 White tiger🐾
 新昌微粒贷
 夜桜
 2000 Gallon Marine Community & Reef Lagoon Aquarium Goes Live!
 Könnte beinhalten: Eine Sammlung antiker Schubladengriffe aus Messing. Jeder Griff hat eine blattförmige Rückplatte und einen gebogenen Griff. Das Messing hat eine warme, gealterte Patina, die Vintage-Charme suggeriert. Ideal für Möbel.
--------------------------------
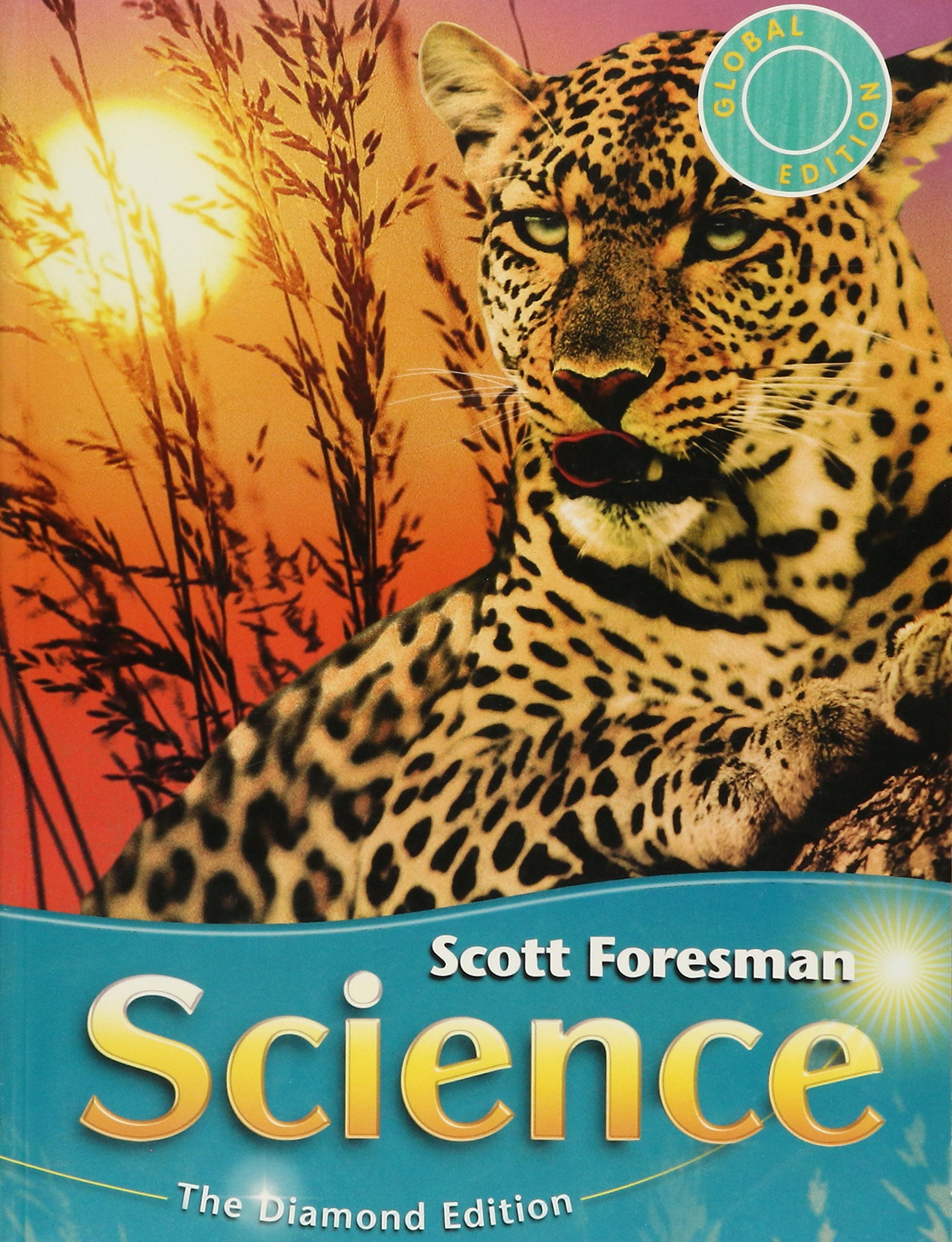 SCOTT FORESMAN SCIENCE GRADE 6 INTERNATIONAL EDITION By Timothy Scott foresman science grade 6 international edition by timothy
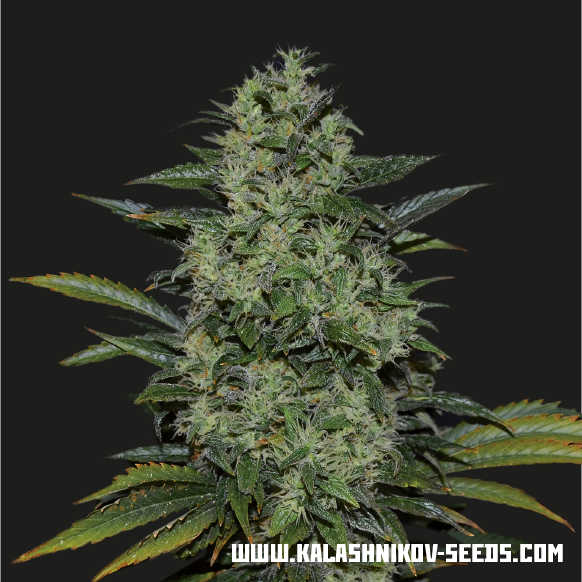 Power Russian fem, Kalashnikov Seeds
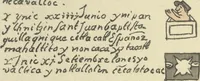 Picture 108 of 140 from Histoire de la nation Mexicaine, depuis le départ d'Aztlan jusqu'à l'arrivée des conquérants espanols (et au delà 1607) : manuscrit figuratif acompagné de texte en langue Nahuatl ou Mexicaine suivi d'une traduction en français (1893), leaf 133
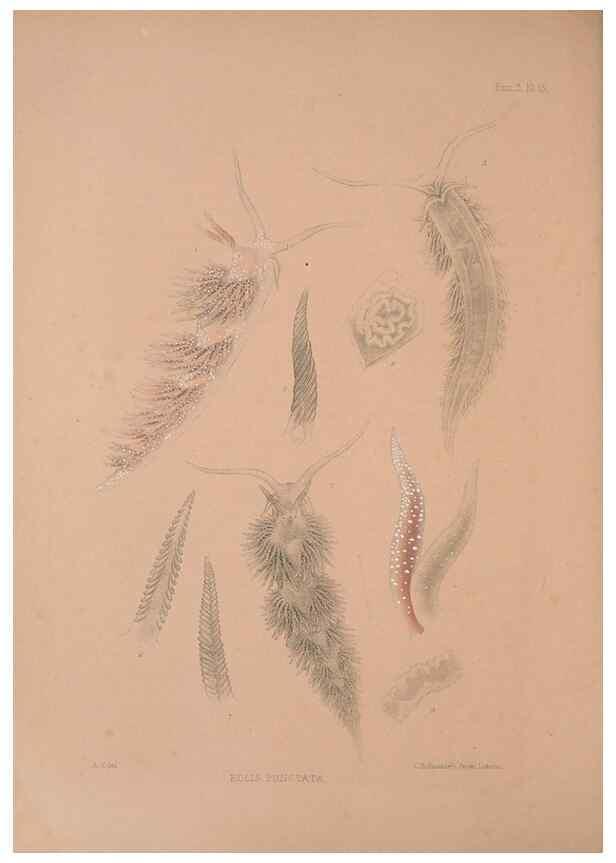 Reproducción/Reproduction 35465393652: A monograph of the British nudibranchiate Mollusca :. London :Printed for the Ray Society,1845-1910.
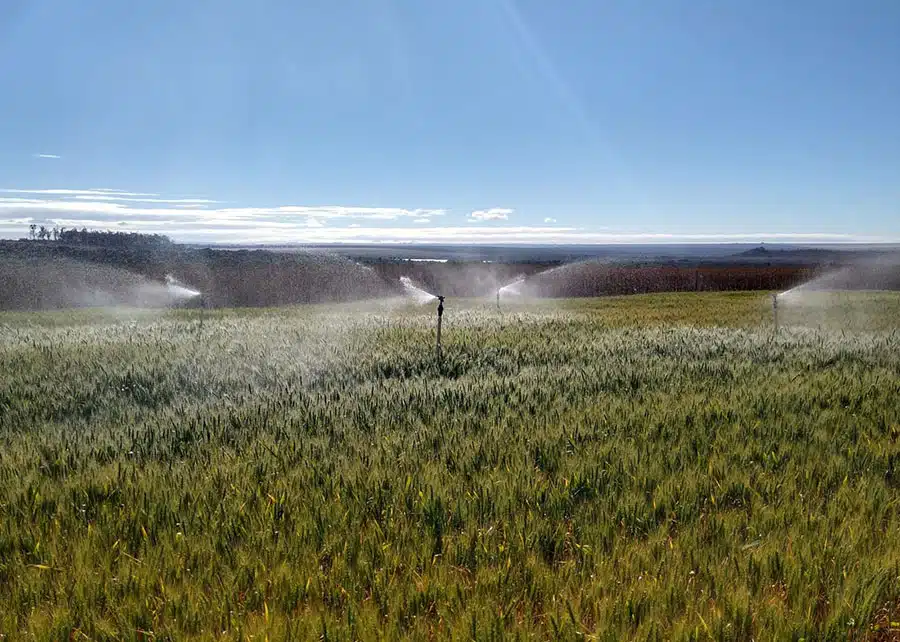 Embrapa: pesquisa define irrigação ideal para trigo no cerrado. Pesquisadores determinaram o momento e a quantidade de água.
--------------------------------
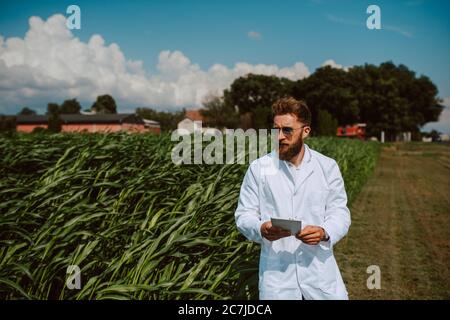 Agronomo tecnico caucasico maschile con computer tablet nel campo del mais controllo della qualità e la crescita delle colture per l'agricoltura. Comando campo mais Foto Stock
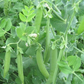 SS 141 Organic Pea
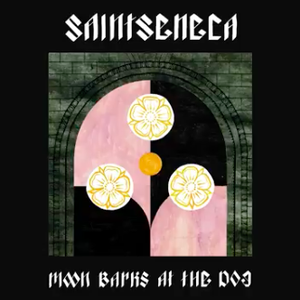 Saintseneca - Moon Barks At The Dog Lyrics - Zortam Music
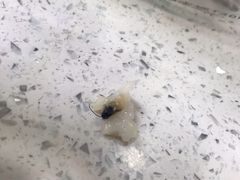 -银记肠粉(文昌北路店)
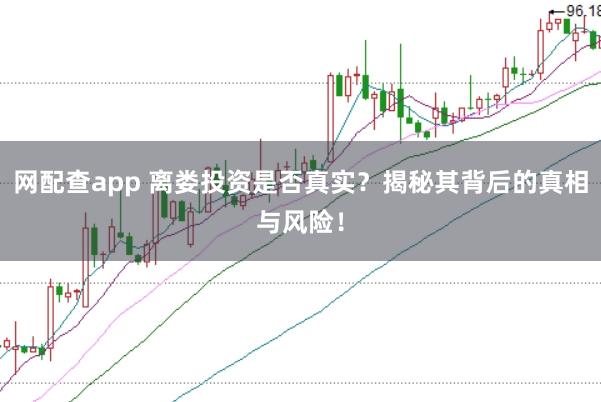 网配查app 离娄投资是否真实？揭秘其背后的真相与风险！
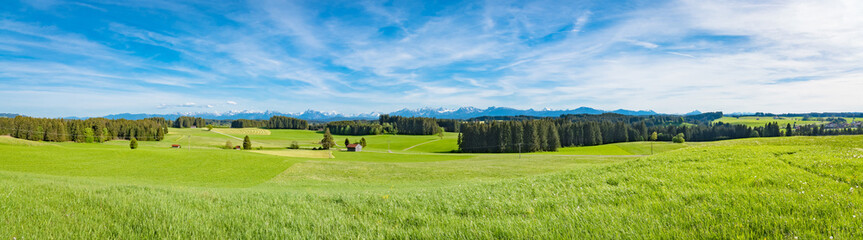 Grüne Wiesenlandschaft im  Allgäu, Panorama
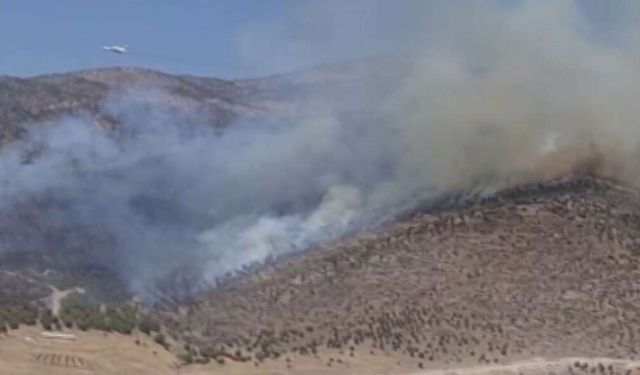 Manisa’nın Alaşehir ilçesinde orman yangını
--------------------------------
Aim of the task
Output only the lines above from the line that holds "Grüne Wiesenlandschaft im" through the line that holds "Manisa’nın Alaşehir ilçesinde orman yangını", both ends included, and exclude pictures.

Output
 Grüne Wiesenlandschaft im  Allgäu, Panorama
 Manisa’nın Alaşehir ilçesinde orman yangını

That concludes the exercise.